What you should do:
Starting with the line that has "Arte/Seoul T-shirt - White - Image 6" and finishing with the line that has "2005 FORD FOCUS", set down each line below exactly. Pictures are not copied.

** Opening Records supplied block **

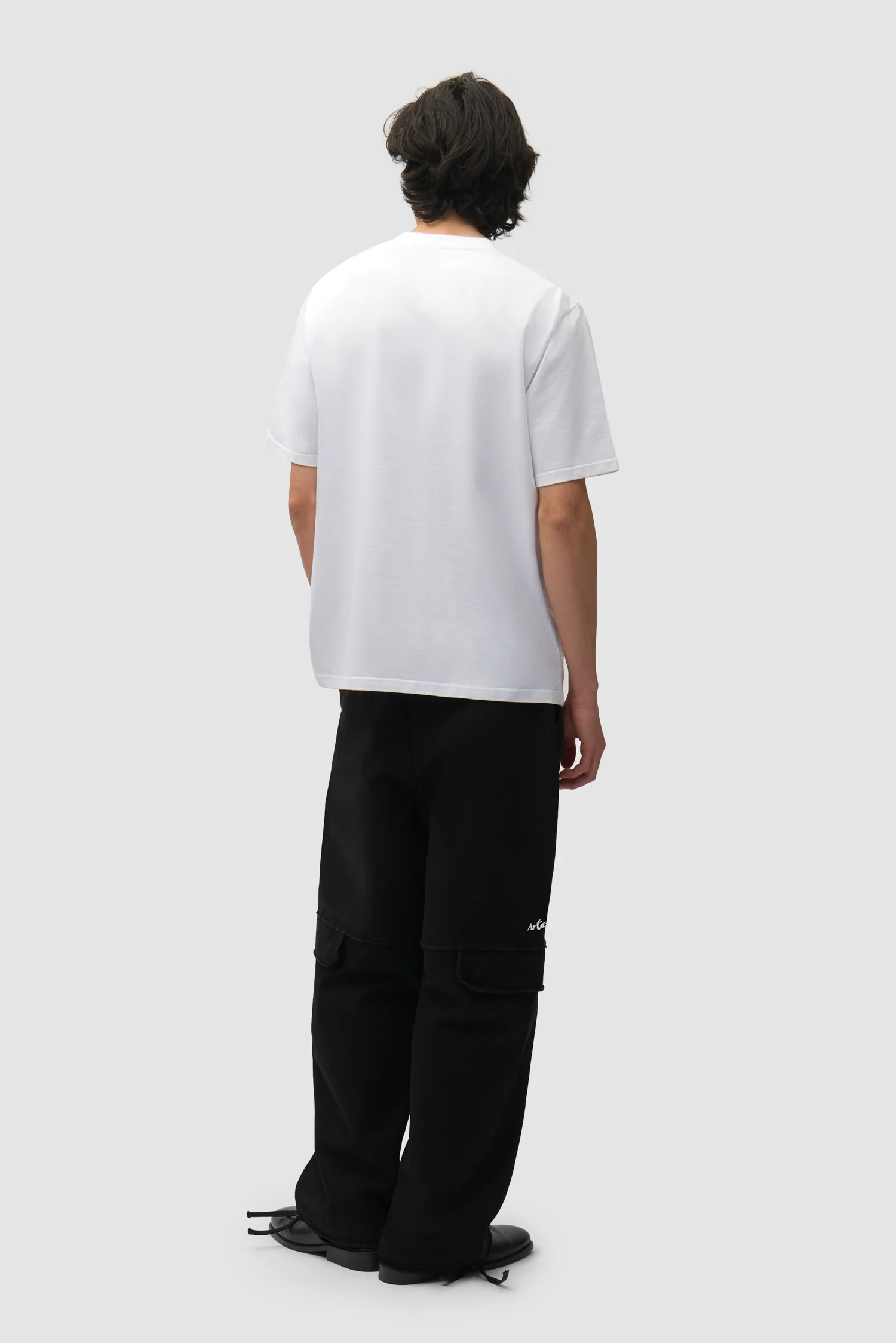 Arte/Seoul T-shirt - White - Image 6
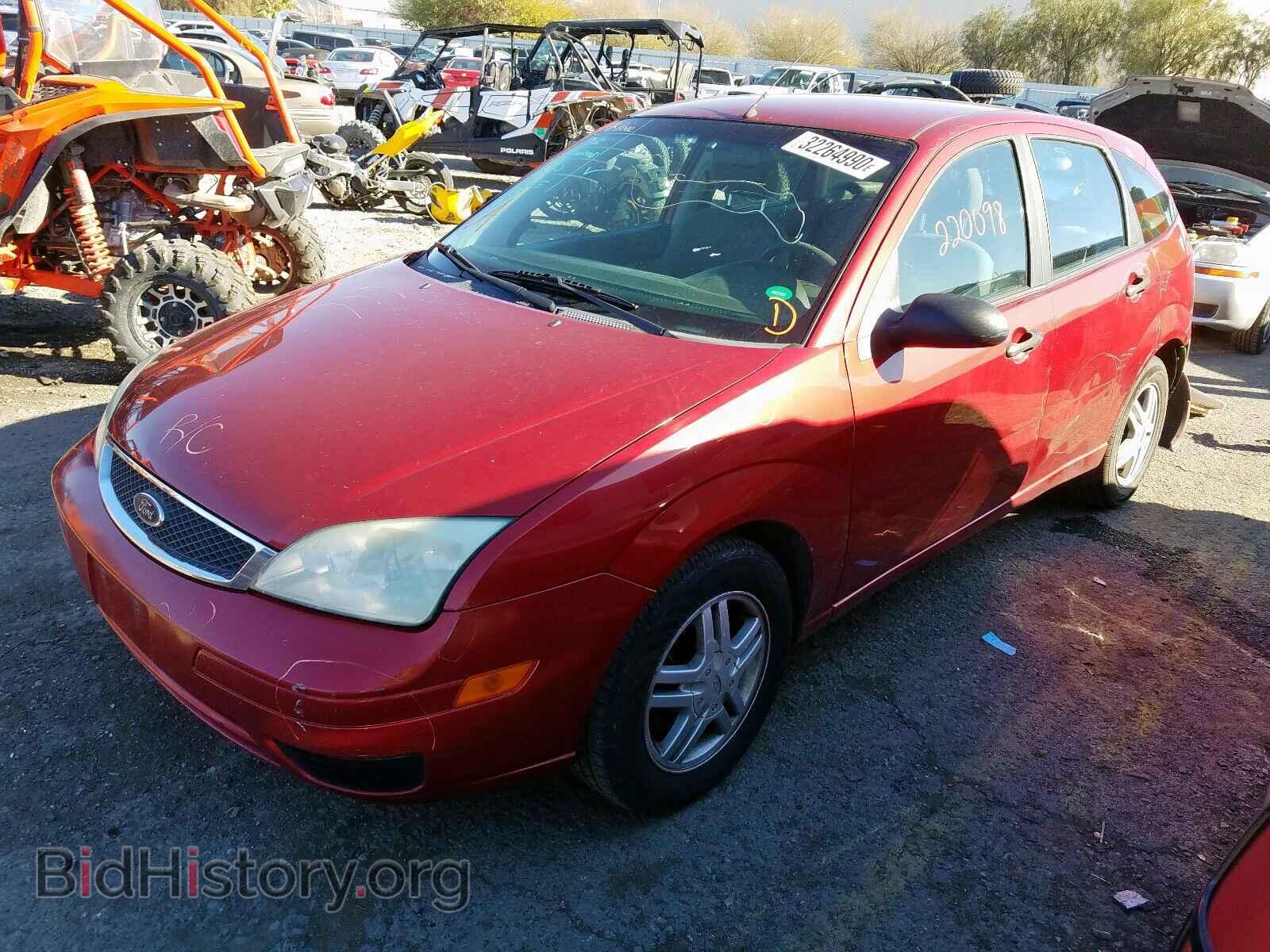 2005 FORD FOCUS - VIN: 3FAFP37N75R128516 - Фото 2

** Closing Records supplied block **
** Opening Records supplied block **

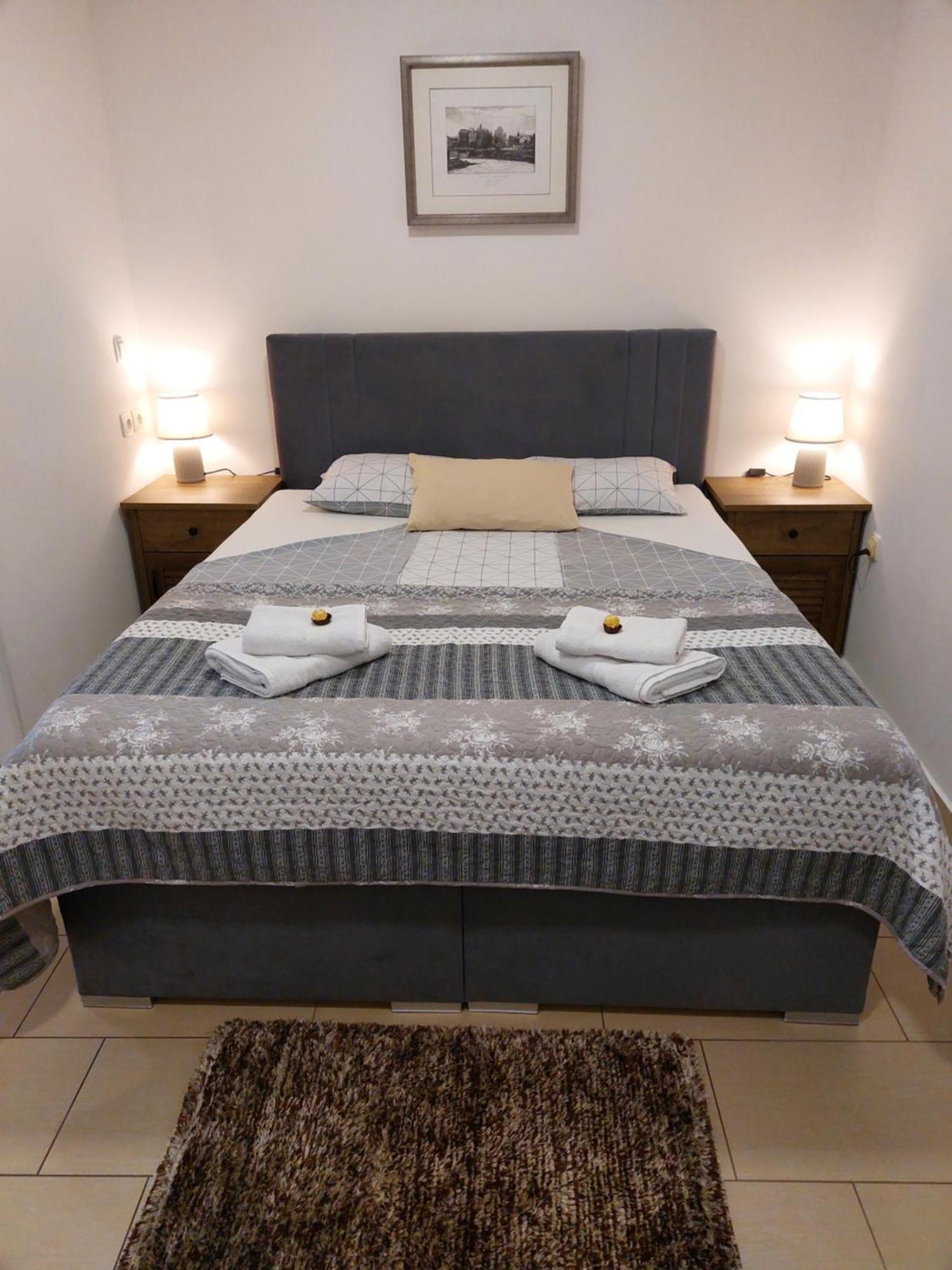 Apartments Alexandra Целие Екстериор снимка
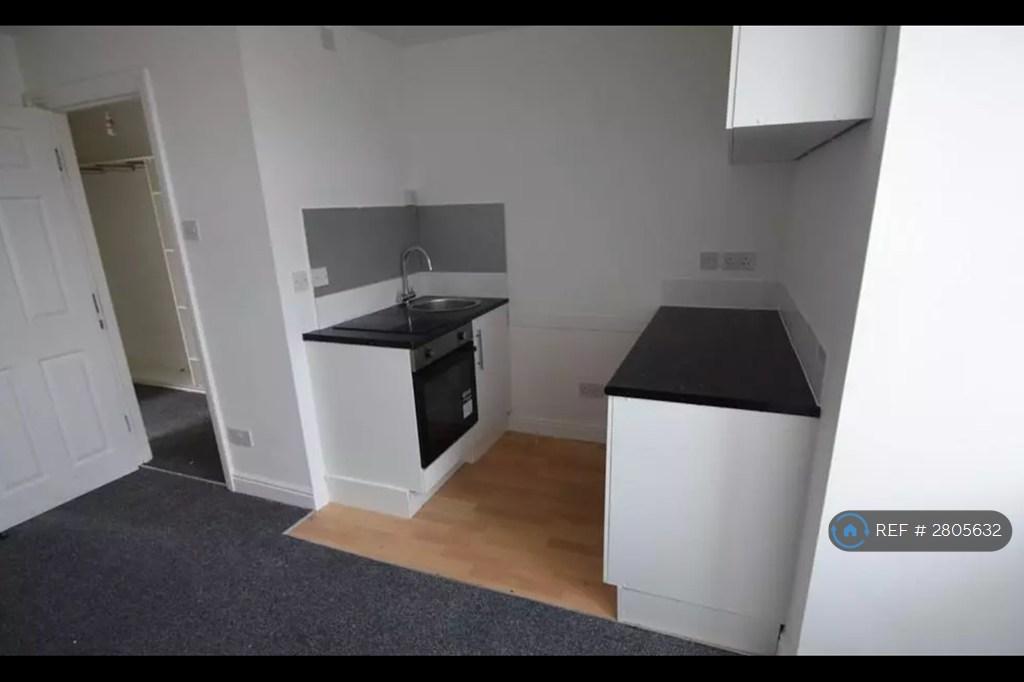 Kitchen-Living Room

** Closing Records supplied block **
** Opening Records supplied block **

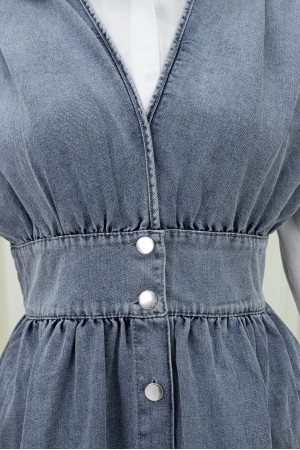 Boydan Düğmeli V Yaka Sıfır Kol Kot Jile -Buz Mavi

** Closing Records supplied block **

Solution:
 Arte/Seoul T-shirt - White - Image 6
 2005 FORD FOCUS - VIN: 3FAFP37N75R128516 - Фото 2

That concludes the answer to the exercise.